## Goal of the exercise
Start the output with the opening line of the listing below and continue, reproducing each line exactly, up to and including the line that contains "Corner view of".

## Listed entries

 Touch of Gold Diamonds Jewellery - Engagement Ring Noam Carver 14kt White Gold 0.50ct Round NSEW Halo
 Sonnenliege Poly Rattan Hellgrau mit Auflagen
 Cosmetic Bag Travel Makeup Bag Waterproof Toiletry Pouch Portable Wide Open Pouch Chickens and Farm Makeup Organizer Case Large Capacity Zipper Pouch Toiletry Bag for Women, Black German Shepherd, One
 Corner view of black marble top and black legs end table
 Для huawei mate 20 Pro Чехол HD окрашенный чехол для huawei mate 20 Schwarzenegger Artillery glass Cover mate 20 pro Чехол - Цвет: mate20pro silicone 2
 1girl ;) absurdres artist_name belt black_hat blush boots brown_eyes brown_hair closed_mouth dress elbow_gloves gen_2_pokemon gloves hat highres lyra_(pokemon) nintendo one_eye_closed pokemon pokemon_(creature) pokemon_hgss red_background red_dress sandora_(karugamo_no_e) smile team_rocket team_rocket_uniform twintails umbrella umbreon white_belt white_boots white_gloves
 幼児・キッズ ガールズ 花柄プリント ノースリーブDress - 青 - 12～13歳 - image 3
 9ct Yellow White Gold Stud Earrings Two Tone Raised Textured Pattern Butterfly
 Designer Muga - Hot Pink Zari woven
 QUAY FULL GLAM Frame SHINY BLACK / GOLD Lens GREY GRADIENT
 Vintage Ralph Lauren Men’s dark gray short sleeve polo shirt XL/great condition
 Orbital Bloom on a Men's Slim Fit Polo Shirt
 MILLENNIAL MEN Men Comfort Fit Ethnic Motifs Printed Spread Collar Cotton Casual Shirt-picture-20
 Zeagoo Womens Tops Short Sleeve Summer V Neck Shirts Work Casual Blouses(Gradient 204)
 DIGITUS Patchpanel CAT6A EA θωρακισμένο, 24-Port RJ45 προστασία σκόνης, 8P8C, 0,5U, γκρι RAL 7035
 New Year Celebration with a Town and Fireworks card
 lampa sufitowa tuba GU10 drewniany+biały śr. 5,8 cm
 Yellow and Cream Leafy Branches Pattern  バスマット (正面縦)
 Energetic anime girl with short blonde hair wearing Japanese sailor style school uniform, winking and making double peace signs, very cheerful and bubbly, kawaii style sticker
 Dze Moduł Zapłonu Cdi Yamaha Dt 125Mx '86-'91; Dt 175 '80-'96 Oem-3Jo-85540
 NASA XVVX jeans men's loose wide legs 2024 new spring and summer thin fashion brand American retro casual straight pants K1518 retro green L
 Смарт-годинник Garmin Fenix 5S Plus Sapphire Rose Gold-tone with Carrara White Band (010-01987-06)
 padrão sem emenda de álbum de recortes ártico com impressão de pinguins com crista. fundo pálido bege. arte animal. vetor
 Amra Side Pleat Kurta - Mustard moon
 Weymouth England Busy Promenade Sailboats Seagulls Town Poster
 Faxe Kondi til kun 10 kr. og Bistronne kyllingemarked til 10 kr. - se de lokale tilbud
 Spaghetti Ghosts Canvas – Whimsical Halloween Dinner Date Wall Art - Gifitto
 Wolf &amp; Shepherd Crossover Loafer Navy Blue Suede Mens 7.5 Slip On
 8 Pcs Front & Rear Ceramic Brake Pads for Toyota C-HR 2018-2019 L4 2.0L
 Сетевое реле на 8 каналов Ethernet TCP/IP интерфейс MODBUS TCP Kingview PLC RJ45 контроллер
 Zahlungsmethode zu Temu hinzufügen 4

## Answer area
 Touch of Gold Diamonds Jewellery - Engagement Ring Noam Carver 14kt White Gold 0.50ct Round NSEW Halo
 Sonnenliege Poly Rattan Hellgrau mit Auflagen
 Cosmetic Bag Travel Makeup Bag Waterproof Toiletry Pouch Portable Wide Open Pouch Chickens and Farm Makeup Organizer Case Large Capacity Zipper Pouch Toiletry Bag for Women, Black German Shepherd, One
 Corner view of black marble top and black legs end table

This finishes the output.